What is Azure Elastic SAN

Azure Elastic SAN (AES) is a new (now GA) Azure Cloud native storage service that provides scalable, resilient, easy management with rapid provisioning, high performance, and cost-effective storage. AES (figure 1) supports many workloads and computing resources. Workloads that benefit from AES include tier 1 and tier 2, such as Mission Critical, Database, and VDI, among others traditionally relying upon consolidated Storage Area Network (SAN) shared storage.

Compute resources that can use AES, including bare metal (BM) physical machines (PM), virtual machines (VM), and containers, among others, using iSCSI for access. AES is accessible by computing resources and services within the Azure Cloud in various regions (check Azure Website for specific region availability) and from on-prem core and edge locations using iSCSI. The AES management experience and value proposition are similar to traditional hardware or software-defined shared SAN storage combined with Azure cloud-based management capabilities.

Microsoft Azure Elastic SAN from cloud to on-prem server storageioblog
Figure 1 General Concept and Use of Azure Elastic SAN (AES)

While Microsoft Azure describes AES as a cloud-native storage solution, that does not mean that AES is only for containers and other cloud-native apps or DevOPS. Rather, AES has been built for and is native to the cloud (e.g., software-defined) that can be accessed by various compute and other resources (e.g., VMs, Containers, AKS, etc) using iSCSI.

How Azure Elastic SAN differs from other Azure Storage

AES differs from traditional Azure block storage (e.g., Azure Disks) in that the storage is independent of the host compute server (e.g., BM, PM, VM, containers). With AES, similar to a conventional software-defined or hardware-based shared SAN solution, storage is disaggregated from host servers for sharing and management using iSCSI for connectivity. By comparison, AES differs from traditional Azure VM-based storage typically associated with a given virtual machine in a DAS (Direct Attached Storage) type configuration. Likewise, similar to conventional on-prem environments, there is a mix of DAS and SAN, including some host servers that leverage both.

AES supports Azure VM, Azure Kubernetes Service (AKS), cloud-native, edge, and on-prem computing (BM, VM, etc.) via iSCSI. Support for Azure VMware Solution (AVS) is in preview; check the Microsoft Azure website for updates and new feature functionality enhancements.

Does this mean everything is moving to AES? Similar to traditional SANs, there are roles and needs for various storage options, including DAS, shared block, file, and object, among storage offerings. Likewise, Microsoft and Azure have expanded their storage offerings to include AES, DAS (azure disks, including Ultra, premium, and standard, among other options), append, block, and page blobs (objects), and files, including Azure file sync, tables, and Data Box, among other storage services.

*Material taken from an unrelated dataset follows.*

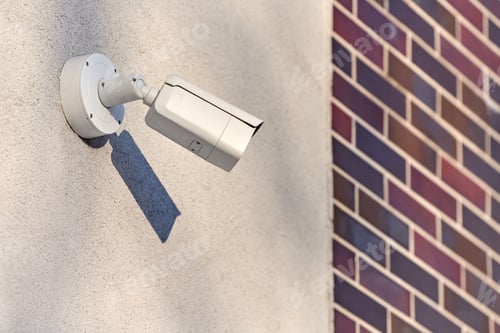 Preview: IP CCTV security camera on concrete wall, urban cityscape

Azure Elastic Storage Feature Highlights

AES feature highlights include, among others:

    • Management via Azure Portal and associated tools
    • Azure cloud-based shared scalable bock storage
    • Scalable capacity, low latency, and high performance (IOPs and throughput)
    • Space capacity-optimized without the need for data reduction
    • Accessible from within Azure cloud and from on-prem using iSCSI
    • Supports Azure compute  (VMs, Containers/AKS, Azure VMware Solution)
    • On-prem access via iSCSI from PM/BM, VM, and containers
    • Variable number of volumes and volume size per volume group
    • Flexible easy to use Azure cloud-based management
    • Encryption and network private endpoint security
    • Local (LRS) and Zone (ZRS) with replication resiliency
    • Volume snapshots and cluster support

Who is Azure Elastic SAN for

AES is for those who need cost-effective, shared, resilient, high capacity, high performance (IOPS, Bandwidth), and low latency block storage within Azure and from on-prem access. Others who can benefit from AES include those who need shared block storage for clustering app workloads, server and storage consolidation, and hybrid and migration. Another consideration is for those familiar with traditional hardware and software-defined SANs to facilitate hybrid and migration strategies.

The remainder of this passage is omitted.